# 2X10 on tandem



## Hurricane Jeff (Jan 1, 2006)

I was considering running a SRAM 2X10 on my Venatana El Testigo, my only concerns are running the 11-36 cassette. I would be using the SRAM PG 1050 11-36 cassette because it uses a steel 36t cog instead on an aluminum one. Has anyone tried or is using this setup?


----------



## Blaster1200 (Feb 20, 2004)

Yes. http://salsacycles.com/culture/prototype_talk_-_lets_discuss/


----------



## TandemNut (Mar 12, 2004)

PMK went 2x10 or 2x9 on his Fandango. Mixed results at best. I think you can find the details in the Fandango thread here on MTBR. 
Also, riveted cassettes won't hold up under most tandem teams. I don't see the newer 36T cassettes beting any stronger than the 34's and 32's that get folded regularly, and in fact they're probably not even as strong, given the larger diameter of the cog.
If/when they come out with a lower level solid cog cassette for 2x10, it may be a better option. There is such a cassette for 2x9, made by Shimano. We use that one regularly. But most teams end up needing the lowest of the low gears on a triple setup, and I don't think 2x10 or 2x9 actually replicates that gear.


----------



## Okayfine (Sep 7, 2010)

Alex, what is your suggestion for rear cassette choice with a CK rear hub? Seems the choice is between solid-cog cassettes and the resulting groove damage to the freehub, or XT/rivited cassettes and their susceptibility to tandem abuse.


----------



## PMK (Oct 12, 2004)

We did a 2x9 all right side drive.

The 2x9 is not the problem, the all right side drive gave focus.

Our setup was awesome or horrible, there was no middle ground.

Realizing what I believe are benefits of 2x9, I kept 2x9 final drive but did install different cranks making the timing setup on the left side.

In my opinion, 2x9 with a shimano SLX 2x9 specific front mech easily out shifts any 3x9 setup for front shifts.

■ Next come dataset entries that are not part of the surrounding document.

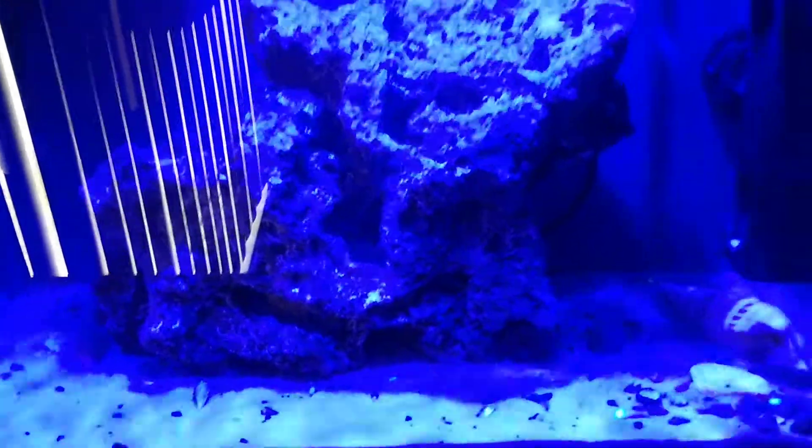As you guys know, if you ever try to take a picture of your fish tank, as soon as you get all the blues it gets really blurry because my phone sucks. That's just all the blues. My window right here, sorry guys. I really am — I just really like this light and I'm excited to share it with everybody.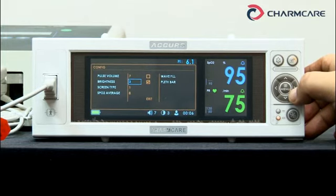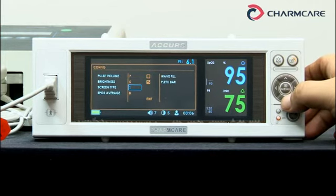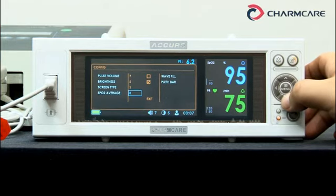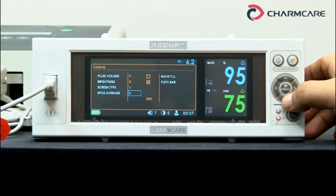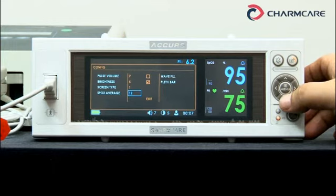Brightness goes from 1 to 5 — it's dark now, medium, and now very bright. Screen time offers 4 screens, as I mentioned before. Now the first screen is set as the main screen. SPO2 average sets the calculation time for SPO2 measurement: 2, 4, 8, or 12 seconds. In case of neonates, 8 or 12 seconds are recommended. Let's set it to 12.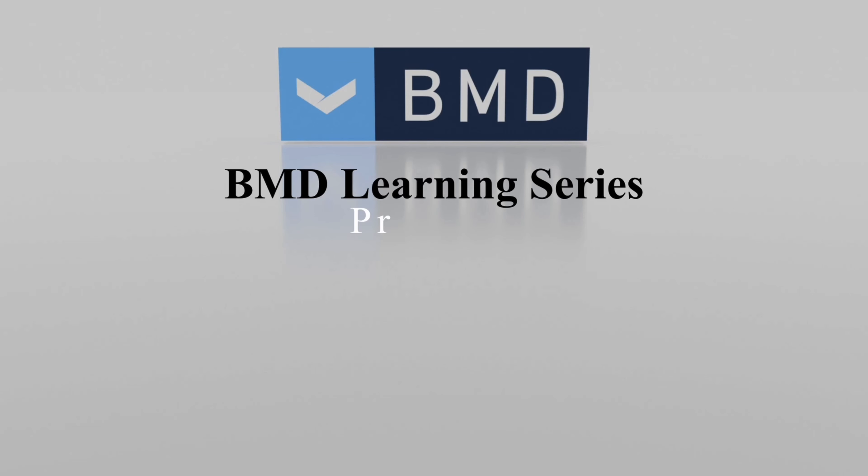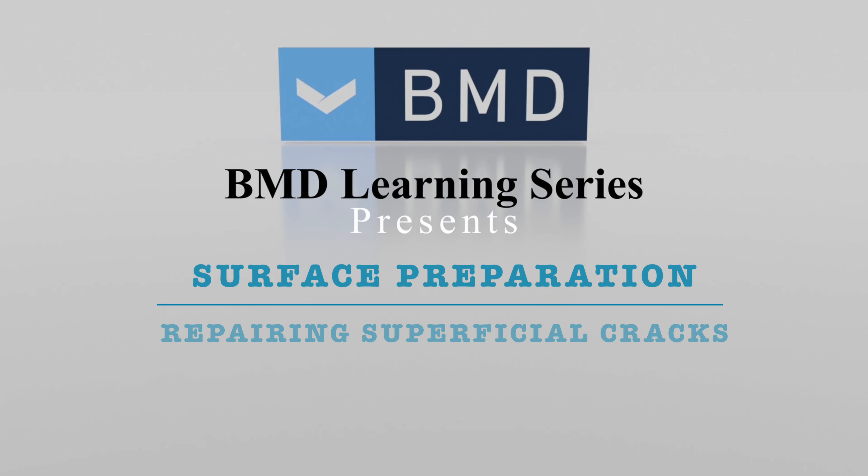Welcome to the Biomanufacturer's Direct YouTube Surface Preparation Learning Series, where today Josh demonstrates how to repair and prep superficial surface cracks.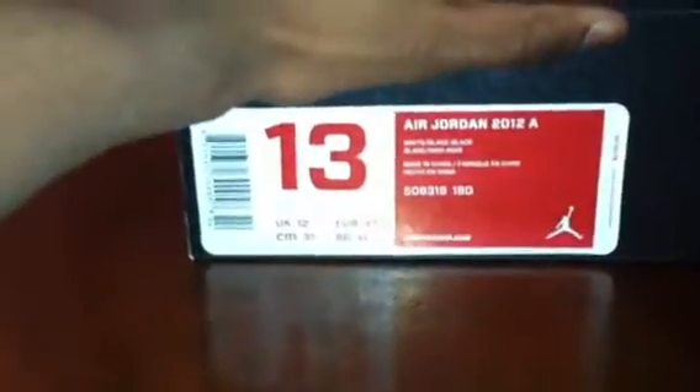Hey, what's up guys, I got another video for you. This is the Jordan 2012 A's right here. Got them from Nike Town and they've been worn already in basketball. Here's the box right here, here's the paper — it's pretty nice I guess.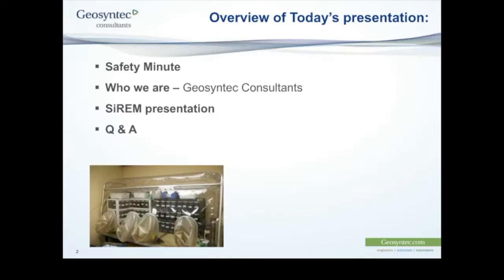Today I'll give a brief introduction in the usual format, starting with a safety minute, an introduction to Geosyntec Consultants and to our speaker today, and then I'll hand over to Sandra for the presentation topic.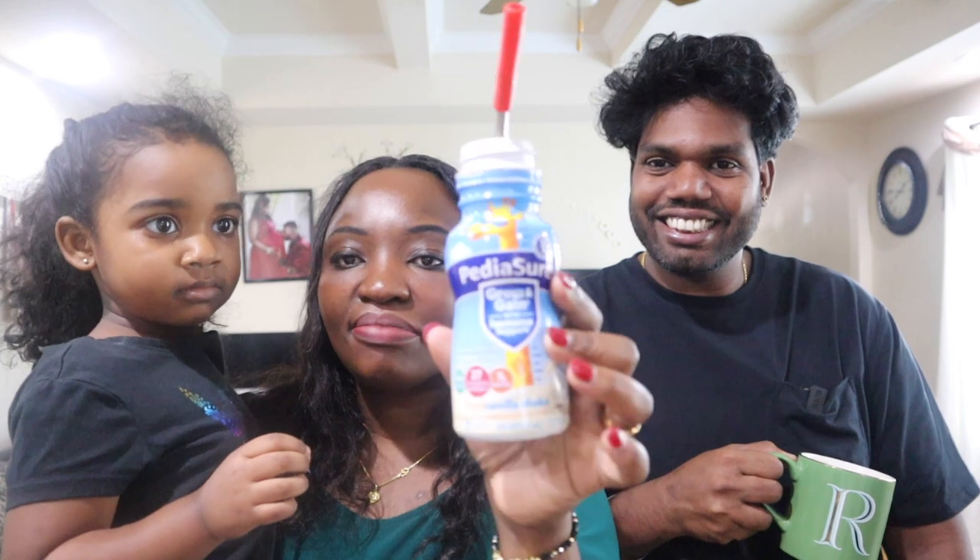Kyle has some of her drink here — you can see that's milk. She's on PediaSure because her doctor recommended it since she's picky and sometimes doesn't eat much. Mornings she drinks PediaSure, and sometimes at night too. When she's picky and doesn't eat anything, that's Kyle's breakfast.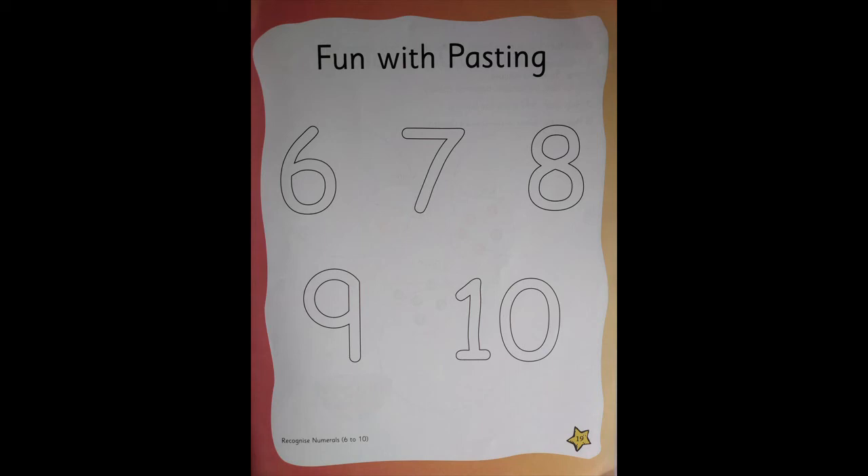What you're going to do is, you're going to take a yarn — a small thread — and stick it on the numeral. There is a gap; they have given space where you can stick. Tell mama or papa to keep glue over there and you will very nicely stick the yarn on top of it.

2x9 is likely how our Fandango will remain.

PK


----------



## Fleas (Jan 19, 2006)

I thought the strength problem was in the hub pawls moreso than the cog itself(?)

...that the added leverage (torque) of a 36T cog is too stressful for a standard hub body even on a single, esp. a 29er.

...although I don't see where a single with any size cog can have more stress on a hub than a tandem in even a higher gear.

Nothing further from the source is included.